Less than 12 months ago I watched Jim McGuinness trudge out of Oliver Plunkett Park, Crossmaglen with some friends having just watched Donegal surrender to Armagh in what proved to be an embarrassingly one-sided All-Ireland qualifier.

Defeat was surely a difficult pill for McGuinness to swallow, a man who had given many years outstanding service as a player to his native county.

When Jamie Clarke scored two goals in the opening eight minutes, the game was as good as over. McGuinness must have felt that Donegal were about to be consigned to a lengthy period in the wilderness.

It was that game which, perhaps not surprisingly, sounded the death knell for John Joe Doherty’s hopes of continuing as Donegal manager.

The north-west side was in chaos with morale at rock-bottom and the future looking grim to say the least.

Needless to say, there was much boardroom debate in the aftermath of that Crossmaglen debacle.

Even when it was finally confirmed that McGuinness would succeed Cunningham, grave apprehension was expressed that he might not be the right person to revitalise Donegal’s fortunes.

But time has proved a great healer — and eye-opener.

The misery, depression and stark anger that prevailed within Donegal then has been replaced by optimism, buoyancy and pride as sights are justifiably fixed on the possibility of a second All-Ireland title.

Maybe a few weeks ago this might have been deemed fanciful thinking ,but Donegal’s track record in the seven months they have been under the stewardship of McGuinness has been nothing less than inspiring.

They won the NFL Division Two title, conquered Ulster for the first time since 1992 and thrust themselves into the hunt for the Sam Maguire Cup.

McGuinness, articulate and forward-thinking, certainly does not see himself as a miracle worker.

But he has managed to instil a new psyche within his squad.
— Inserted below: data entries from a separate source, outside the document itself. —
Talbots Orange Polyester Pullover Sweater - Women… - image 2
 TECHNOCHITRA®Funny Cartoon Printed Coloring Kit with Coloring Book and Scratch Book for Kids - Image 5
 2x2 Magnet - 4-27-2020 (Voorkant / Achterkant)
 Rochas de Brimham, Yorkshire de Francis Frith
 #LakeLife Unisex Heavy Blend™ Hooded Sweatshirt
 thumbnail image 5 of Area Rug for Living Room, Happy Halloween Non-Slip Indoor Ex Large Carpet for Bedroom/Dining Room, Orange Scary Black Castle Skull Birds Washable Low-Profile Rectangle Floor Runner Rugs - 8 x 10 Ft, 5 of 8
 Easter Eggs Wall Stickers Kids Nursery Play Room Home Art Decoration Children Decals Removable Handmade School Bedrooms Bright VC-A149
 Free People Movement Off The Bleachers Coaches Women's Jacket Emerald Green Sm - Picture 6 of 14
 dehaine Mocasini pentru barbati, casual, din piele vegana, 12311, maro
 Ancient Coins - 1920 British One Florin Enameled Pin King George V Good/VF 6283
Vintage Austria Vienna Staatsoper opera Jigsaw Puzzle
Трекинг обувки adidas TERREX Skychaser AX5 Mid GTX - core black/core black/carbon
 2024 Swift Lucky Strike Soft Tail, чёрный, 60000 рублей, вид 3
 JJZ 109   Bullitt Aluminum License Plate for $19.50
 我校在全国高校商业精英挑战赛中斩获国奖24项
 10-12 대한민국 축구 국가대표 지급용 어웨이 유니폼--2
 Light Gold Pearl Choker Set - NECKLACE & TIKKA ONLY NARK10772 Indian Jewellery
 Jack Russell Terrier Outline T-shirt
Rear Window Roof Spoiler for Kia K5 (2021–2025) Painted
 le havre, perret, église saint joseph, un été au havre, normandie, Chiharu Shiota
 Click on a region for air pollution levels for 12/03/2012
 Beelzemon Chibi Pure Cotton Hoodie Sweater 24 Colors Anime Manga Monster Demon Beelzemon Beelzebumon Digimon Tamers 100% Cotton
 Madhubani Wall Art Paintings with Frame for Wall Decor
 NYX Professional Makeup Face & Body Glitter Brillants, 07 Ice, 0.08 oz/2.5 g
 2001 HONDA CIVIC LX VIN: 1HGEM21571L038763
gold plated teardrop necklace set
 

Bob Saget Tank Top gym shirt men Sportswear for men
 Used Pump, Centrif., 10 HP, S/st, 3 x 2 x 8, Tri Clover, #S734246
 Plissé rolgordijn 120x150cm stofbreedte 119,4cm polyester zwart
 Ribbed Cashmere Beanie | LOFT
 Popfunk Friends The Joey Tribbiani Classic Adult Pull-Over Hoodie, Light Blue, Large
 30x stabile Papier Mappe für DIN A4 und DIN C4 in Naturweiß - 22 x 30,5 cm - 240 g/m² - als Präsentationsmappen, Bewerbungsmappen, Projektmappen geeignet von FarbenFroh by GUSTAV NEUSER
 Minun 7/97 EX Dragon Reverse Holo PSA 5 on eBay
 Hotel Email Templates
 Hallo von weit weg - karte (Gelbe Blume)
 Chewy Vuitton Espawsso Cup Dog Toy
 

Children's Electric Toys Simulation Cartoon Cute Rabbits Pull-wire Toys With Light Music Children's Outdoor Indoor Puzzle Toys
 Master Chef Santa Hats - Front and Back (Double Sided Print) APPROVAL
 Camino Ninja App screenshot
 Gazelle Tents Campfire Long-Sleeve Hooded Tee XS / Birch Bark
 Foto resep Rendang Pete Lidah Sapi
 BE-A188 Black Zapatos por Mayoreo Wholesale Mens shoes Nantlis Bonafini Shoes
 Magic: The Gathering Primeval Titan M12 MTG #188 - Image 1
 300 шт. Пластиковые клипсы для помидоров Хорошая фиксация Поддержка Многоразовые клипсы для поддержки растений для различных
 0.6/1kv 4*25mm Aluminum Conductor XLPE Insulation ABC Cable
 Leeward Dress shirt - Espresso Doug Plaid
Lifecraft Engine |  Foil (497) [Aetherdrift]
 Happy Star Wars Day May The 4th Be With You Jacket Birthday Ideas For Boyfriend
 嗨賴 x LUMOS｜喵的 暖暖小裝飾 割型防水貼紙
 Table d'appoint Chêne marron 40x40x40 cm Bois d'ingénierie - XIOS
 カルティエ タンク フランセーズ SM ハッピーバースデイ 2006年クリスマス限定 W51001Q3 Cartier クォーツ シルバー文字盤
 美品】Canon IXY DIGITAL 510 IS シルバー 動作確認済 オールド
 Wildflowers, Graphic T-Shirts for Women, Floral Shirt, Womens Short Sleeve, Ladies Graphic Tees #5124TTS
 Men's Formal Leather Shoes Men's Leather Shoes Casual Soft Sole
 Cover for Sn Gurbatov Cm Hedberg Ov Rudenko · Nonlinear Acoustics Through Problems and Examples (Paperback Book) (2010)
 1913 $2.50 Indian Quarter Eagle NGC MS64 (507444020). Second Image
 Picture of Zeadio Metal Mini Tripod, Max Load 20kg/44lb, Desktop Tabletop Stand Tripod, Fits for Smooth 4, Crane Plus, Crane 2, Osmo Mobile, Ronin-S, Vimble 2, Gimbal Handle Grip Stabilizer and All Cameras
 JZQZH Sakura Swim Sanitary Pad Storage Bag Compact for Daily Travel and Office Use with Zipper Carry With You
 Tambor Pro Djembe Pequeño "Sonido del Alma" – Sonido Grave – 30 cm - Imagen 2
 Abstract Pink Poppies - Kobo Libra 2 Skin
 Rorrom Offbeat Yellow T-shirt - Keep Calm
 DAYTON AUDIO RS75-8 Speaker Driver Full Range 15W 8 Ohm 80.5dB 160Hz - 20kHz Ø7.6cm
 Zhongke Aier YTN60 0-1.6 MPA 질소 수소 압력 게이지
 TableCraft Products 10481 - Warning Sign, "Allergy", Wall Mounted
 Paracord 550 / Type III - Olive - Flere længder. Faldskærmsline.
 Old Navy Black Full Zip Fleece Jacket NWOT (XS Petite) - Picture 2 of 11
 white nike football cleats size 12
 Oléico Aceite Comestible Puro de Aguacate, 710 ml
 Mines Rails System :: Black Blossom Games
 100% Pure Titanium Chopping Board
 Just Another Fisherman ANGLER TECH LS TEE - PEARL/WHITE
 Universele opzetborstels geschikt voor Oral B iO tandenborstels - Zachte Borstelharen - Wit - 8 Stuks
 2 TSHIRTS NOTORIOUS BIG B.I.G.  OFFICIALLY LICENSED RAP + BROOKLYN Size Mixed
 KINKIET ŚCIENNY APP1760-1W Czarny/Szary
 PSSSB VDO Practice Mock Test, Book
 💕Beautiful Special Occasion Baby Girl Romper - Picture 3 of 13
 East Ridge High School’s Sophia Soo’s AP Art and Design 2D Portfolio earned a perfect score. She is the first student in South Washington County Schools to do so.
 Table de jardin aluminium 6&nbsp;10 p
In tandem with this he has devised a system of playing that, while perhaps not carrying any great aesthetic value, has certainly taken Donegal to a place they never dreamt they might be.

This is a squad too in which a number of members suffered severe criticism from within and without their own county for their reputation as party animals in the past — win, lose or draw the theory was that Donegal celebrated anyway!

A succession of managers, among them Brian McIver and Mickey Moran, along with the affable Cunningham, strove to inculcate discipline and organisation in the hope of ending the county’s title famine. But while league glory was enjoyed under McIver, championship success remained as remote as ever.

Jim McGuinness, though, has transformed Donegal. When they take on Dublin or Tyrone in the All-Ireland semi-final on August 28, you can be sure that his team will be even more confident and focussed after their recent progress.

The influence which McGuinness has wielded in Donegal this year is similar to that which James Horan has exerted in his role as the new Mayo boss.

Like McGuinness, he has only been at the helm for seven months, but in that period Mayo have retained their place with some comfort in Division One, won the Connacht title and have

already booked an All Ireland semi-final date against Kerry.

No team has endured more All-Ireland semi-final and final heartbreak than Mayo.

Not since 1951 has the county won the All-Ireland. They have ‘hit the bar’ on a few occasions, notably in the 90s when they had a great rivalry with Meath.

But they have invariably fallen short in their pursuit of Sam.

Horan, who knows all about All-Ireland agony having been a member of the Mayo side in the mid-90s, has instilled steely resolve, passionate pride and a ferocious work-ethic into the present side.

For a county team that had come to be regarded as lightweights in the past, Mayo are strong, resilient and aggressive – qualities that complement their skill, flair and fluency.

McGuinness and Horan have already left a significant imprint on the championship landscape even should their teams make no further headway.

In doing so, they have sent out a message to all those who may be considering a career in inter county-management.

Commitment, self-sacrifice and minute attention to detail are absolute pre-requisites if success is to be achieved. It also helps if a person is prepared to commit themselves 24/7.

Between now and the end of the month we will learn if McGuinness and Horan are to see their ceaseless labours bear fruit in the All-Ireland vineyard.